ASSIGNED TASK: Begin at the line that holds "파파스 접이식 캠핑 변기 세트, 그린, 1세트" and copy each line exactly until the data below ends, including that last line but no pictures.

RAW DATA:
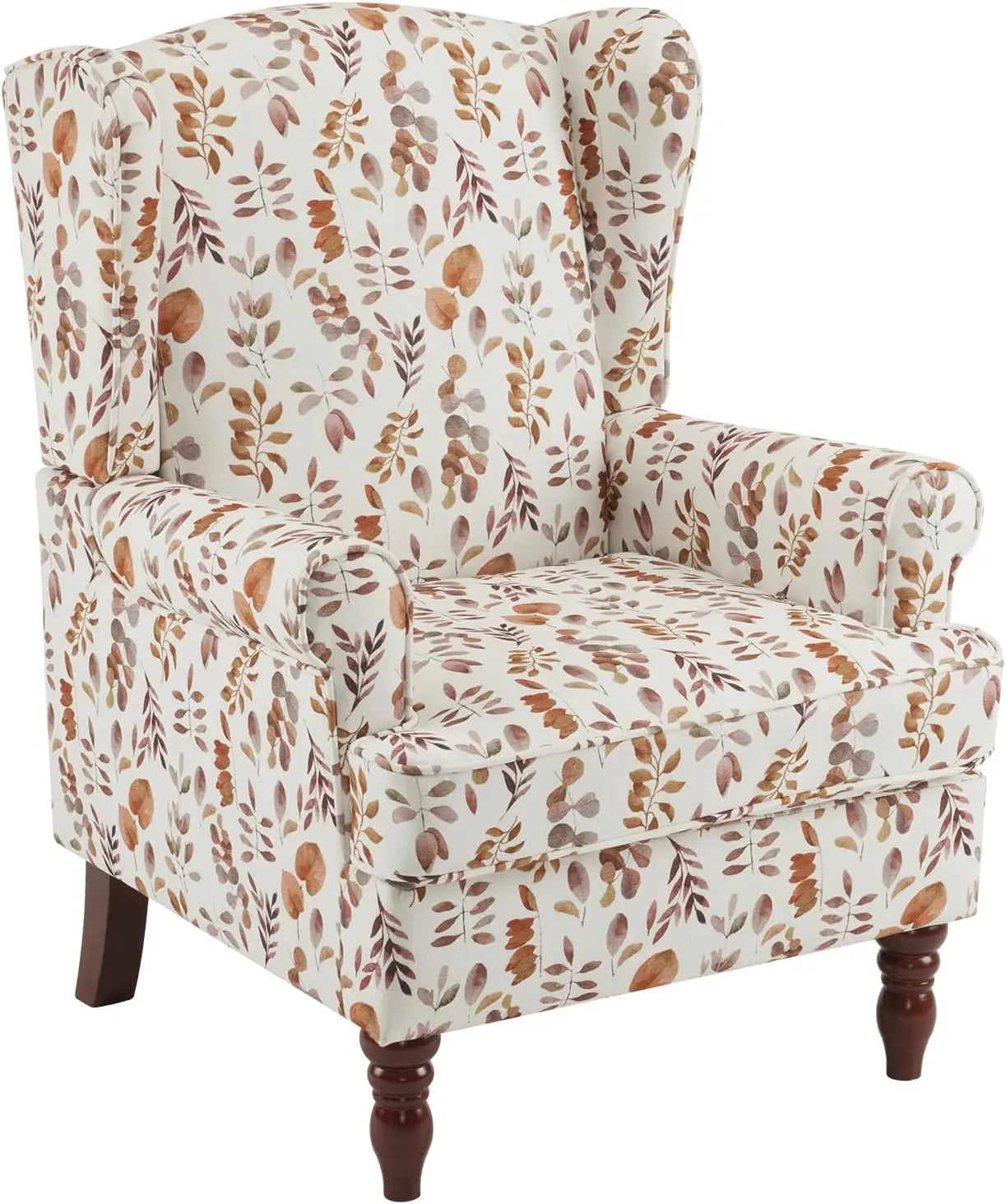 Floral Accent Chair High Back Upholstered Armchair Living Room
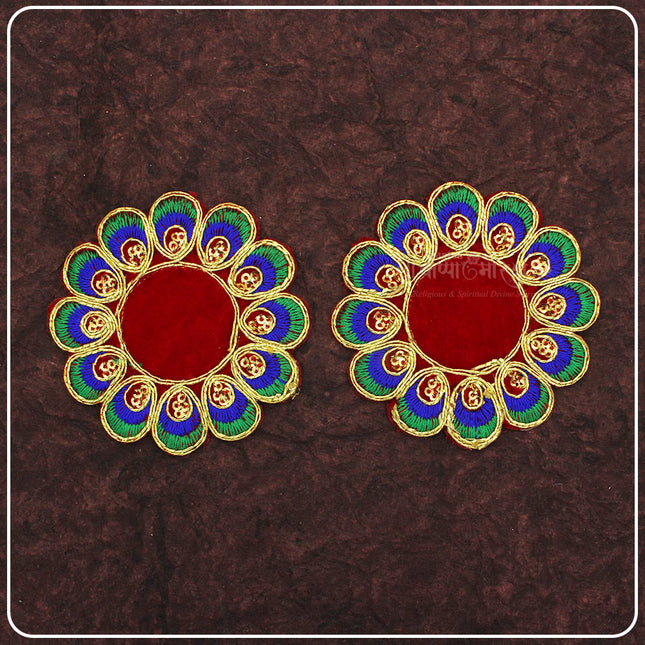 Velvet Designer Aasan Pooja Cloth Mat Mandir Temple Home Office Base ChowkiPooja Aasan for Mandir Home Temple Idol Placement | Velvet Designer Puja Altar Cloth Mat Home Office Base Chowki | Festivals & Daily Rituals (3*3 Asan)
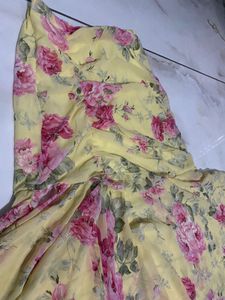 Chic Yellow Floral Puff Sleeve Wrap Top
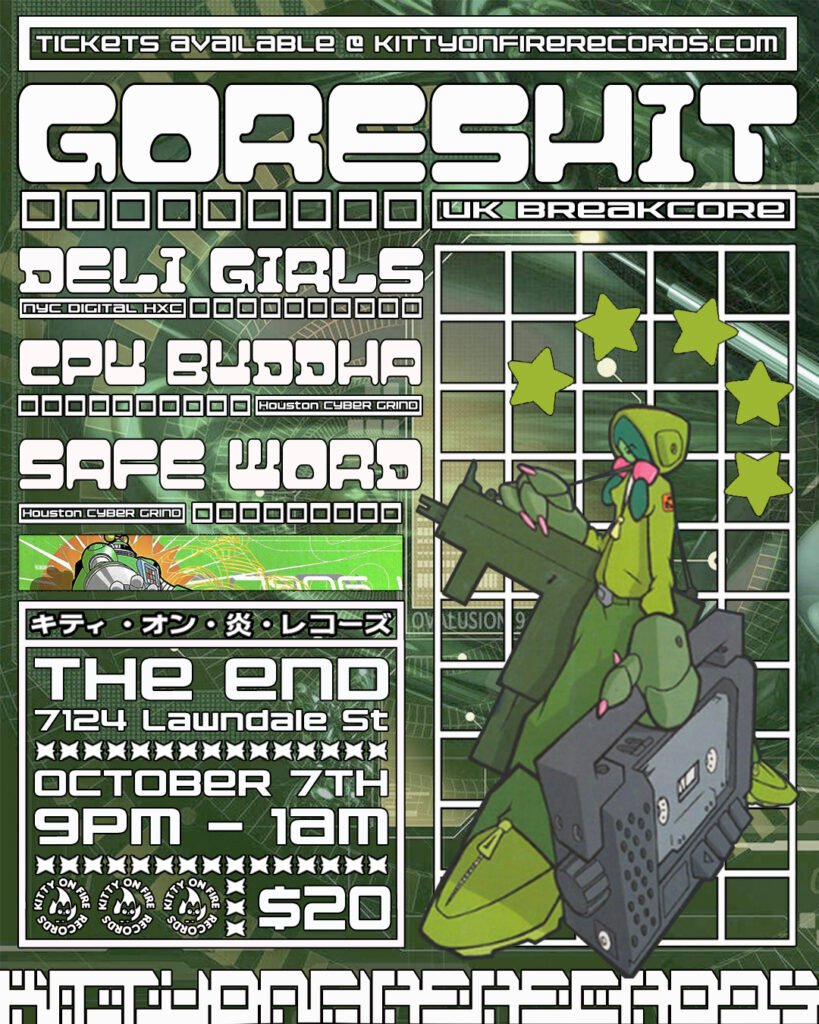 Goreshit w/ Deli Girls, CPU BUDDHA, Safe Word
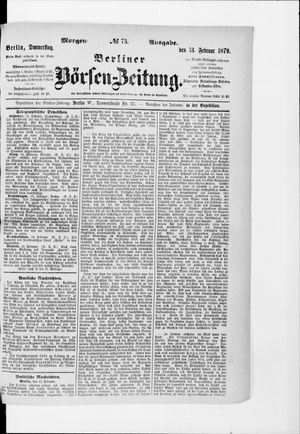Berliner Börsen-Zeitung vom 13.02.1879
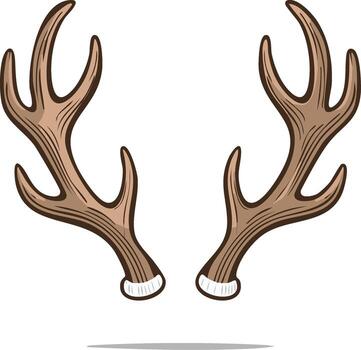 Stylized illustration of a pair of brown deer antlers with visible branching points and textured surface vector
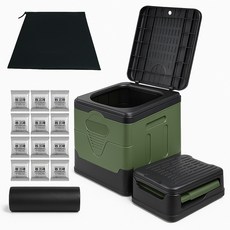 파파스 접이식 캠핑 변기 세트, 그린, 1세트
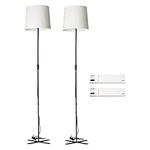 Ikea BARLAST Basic Minimalist Modern Floor Lamp with Shade, Black/White, 150 Centimetres, E27 - Set of 2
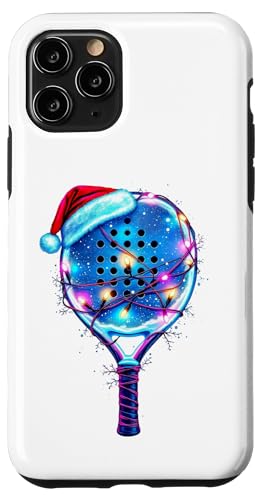 Hülle für iPhone 11 Pro Lustiges Weihnachts-Padel mit Mütze & Lichterkette Padel von Festliche Padel-Geschenke für Spieler und Trainer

YOUR RESPONSE:
 파파스 접이식 캠핑 변기 세트, 그린, 1세트
 Ikea BARLAST Basic Minimalist Modern Floor Lamp with Shade, Black/White, 150 Centimetres, E27 - Set of 2
 Hülle für iPhone 11 Pro Lustiges Weihnachts-Padel mit Mütze & Lichterkette Padel von Festliche Padel-Geschenke für Spieler und Trainer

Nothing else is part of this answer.